Top of Exercise inputs

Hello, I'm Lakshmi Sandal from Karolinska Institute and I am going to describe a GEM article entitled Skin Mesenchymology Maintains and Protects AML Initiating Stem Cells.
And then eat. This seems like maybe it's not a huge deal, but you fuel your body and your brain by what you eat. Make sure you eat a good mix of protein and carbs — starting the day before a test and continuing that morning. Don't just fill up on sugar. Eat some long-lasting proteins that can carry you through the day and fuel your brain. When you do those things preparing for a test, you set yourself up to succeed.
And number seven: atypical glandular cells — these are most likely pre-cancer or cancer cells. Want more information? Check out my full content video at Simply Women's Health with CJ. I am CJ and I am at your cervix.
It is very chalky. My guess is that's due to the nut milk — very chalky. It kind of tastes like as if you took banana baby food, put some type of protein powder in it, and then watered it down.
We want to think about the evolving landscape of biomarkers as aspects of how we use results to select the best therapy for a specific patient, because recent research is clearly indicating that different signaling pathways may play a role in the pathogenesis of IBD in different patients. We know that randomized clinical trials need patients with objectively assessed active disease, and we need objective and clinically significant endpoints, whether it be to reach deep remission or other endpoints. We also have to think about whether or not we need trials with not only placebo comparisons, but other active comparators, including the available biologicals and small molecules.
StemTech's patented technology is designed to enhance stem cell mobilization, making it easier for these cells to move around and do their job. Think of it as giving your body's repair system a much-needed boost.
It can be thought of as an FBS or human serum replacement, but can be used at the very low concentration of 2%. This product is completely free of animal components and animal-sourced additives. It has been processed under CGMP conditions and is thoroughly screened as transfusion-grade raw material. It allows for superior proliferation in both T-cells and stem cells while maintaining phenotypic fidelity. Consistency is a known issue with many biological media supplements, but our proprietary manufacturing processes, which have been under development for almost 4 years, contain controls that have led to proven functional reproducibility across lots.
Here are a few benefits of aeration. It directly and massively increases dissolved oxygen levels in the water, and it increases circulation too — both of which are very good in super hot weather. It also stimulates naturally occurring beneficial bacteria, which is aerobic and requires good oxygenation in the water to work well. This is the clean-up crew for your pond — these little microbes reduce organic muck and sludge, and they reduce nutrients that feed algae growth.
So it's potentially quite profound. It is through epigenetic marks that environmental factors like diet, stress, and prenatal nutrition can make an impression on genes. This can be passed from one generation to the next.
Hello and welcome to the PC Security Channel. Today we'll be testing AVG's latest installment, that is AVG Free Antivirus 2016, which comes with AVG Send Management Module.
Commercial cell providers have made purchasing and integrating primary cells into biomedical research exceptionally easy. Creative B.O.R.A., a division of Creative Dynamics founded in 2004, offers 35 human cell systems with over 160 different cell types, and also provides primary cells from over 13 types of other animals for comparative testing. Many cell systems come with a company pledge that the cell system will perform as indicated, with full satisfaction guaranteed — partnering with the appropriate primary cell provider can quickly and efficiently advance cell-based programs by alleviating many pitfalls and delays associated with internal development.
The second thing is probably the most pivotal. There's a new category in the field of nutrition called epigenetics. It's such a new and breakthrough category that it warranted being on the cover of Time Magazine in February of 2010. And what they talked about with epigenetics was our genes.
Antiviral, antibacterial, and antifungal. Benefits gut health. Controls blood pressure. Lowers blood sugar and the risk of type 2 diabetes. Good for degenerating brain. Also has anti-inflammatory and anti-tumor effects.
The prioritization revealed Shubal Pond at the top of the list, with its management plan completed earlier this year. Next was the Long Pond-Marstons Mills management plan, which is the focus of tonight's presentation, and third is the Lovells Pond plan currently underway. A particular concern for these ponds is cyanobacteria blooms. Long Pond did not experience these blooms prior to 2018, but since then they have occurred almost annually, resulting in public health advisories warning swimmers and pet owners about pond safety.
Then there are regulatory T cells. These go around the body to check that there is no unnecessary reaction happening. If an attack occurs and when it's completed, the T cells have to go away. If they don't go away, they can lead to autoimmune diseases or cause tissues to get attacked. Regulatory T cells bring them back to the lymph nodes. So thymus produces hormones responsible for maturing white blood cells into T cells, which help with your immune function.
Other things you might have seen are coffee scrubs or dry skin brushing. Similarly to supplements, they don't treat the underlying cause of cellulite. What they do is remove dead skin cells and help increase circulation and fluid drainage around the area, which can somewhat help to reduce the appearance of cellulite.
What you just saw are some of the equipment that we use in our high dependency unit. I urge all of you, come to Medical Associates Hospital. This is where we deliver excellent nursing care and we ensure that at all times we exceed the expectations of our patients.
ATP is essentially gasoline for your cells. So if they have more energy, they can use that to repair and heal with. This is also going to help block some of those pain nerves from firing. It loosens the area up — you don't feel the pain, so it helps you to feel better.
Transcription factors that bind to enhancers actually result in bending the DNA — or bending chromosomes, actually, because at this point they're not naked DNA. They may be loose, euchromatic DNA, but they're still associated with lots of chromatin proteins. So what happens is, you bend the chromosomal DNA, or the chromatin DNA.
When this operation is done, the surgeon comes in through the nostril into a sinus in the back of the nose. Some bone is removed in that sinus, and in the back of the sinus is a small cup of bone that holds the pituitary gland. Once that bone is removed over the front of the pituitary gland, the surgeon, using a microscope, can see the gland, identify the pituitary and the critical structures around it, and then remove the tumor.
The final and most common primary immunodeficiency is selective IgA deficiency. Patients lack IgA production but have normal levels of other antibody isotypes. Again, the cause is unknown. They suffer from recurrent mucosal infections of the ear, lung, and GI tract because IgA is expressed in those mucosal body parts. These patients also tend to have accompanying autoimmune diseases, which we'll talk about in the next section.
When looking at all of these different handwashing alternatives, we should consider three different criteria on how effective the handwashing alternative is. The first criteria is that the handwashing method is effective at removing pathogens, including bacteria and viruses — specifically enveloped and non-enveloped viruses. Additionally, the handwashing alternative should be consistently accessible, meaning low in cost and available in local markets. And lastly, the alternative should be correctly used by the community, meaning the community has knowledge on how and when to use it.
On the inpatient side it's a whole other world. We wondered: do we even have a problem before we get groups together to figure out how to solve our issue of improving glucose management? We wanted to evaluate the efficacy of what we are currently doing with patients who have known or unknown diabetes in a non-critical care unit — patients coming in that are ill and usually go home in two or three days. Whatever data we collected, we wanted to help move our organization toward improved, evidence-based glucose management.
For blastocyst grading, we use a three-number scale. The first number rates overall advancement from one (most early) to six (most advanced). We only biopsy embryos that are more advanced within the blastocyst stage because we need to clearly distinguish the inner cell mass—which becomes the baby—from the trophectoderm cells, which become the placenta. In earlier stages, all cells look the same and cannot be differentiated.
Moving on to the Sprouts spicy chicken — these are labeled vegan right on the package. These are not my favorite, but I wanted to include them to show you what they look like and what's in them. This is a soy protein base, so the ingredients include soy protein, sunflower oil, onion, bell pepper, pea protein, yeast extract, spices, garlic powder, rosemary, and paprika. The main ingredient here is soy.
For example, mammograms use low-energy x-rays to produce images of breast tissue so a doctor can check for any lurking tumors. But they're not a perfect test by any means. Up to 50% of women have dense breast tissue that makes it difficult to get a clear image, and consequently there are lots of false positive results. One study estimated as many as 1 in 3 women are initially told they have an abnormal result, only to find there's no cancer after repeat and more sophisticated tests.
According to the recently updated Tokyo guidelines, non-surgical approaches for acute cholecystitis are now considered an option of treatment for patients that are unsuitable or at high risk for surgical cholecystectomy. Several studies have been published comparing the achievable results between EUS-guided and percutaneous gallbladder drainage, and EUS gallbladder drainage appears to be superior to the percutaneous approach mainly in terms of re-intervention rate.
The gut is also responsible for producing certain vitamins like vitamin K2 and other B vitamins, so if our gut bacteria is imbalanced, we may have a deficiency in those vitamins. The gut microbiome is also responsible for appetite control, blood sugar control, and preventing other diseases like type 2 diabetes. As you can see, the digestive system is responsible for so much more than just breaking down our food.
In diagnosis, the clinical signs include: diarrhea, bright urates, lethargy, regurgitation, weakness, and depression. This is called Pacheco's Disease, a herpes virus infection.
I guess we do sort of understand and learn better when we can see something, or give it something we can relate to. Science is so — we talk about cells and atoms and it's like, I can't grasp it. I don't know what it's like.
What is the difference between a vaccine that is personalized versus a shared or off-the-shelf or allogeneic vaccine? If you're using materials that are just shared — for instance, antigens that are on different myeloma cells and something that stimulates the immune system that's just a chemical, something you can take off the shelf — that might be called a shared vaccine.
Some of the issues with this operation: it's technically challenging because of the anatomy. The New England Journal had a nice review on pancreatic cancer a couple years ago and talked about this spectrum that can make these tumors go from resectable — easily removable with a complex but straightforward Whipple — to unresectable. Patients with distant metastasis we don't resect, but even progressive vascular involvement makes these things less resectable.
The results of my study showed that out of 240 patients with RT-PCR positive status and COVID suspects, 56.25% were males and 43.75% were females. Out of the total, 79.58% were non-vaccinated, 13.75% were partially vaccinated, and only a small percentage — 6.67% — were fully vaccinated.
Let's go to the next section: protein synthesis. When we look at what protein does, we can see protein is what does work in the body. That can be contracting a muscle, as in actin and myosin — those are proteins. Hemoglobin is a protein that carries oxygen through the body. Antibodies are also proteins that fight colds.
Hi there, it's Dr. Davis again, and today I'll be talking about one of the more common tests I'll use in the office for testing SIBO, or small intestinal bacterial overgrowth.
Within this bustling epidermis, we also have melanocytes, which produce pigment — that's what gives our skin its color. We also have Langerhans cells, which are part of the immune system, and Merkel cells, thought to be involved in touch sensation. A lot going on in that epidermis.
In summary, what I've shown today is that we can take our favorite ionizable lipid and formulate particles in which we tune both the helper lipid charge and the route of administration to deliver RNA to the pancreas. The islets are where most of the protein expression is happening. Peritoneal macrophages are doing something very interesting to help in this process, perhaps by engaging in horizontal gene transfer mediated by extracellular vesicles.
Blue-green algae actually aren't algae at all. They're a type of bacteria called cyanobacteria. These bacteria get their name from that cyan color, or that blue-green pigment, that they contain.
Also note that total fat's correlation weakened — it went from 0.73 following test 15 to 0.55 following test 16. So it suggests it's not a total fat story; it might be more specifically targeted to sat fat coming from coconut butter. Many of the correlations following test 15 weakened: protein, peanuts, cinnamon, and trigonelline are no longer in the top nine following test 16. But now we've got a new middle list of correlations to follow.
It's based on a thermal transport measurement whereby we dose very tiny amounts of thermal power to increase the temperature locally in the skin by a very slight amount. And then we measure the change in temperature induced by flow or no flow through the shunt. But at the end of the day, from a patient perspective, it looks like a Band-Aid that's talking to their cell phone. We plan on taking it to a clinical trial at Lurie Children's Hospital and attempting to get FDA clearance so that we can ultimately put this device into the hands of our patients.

Bottom of Exercise inputs

(The problem) Within the data above, the span starting at the line containing "Transcription factors that" and ending at the line containing "When this operation" is to be retyped exactly, with no other lines.

(Output of the exercise)
Transcription factors that bind to enhancers actually result in bending the DNA — or bending chromosomes, actually, because at this point they're not naked DNA. They may be loose, euchromatic DNA, but they're still associated with lots of chromatin proteins. So what happens is, you bend the chromosomal DNA, or the chromatin DNA.
When this operation is done, the surgeon comes in through the nostril into a sinus in the back of the nose. Some bone is removed in that sinus, and in the back of the sinus is a small cup of bone that holds the pituitary gland. Once that bone is removed over the front of the pituitary gland, the surgeon, using a microscope, can see the gland, identify the pituitary and the critical structures around it, and then remove the tumor.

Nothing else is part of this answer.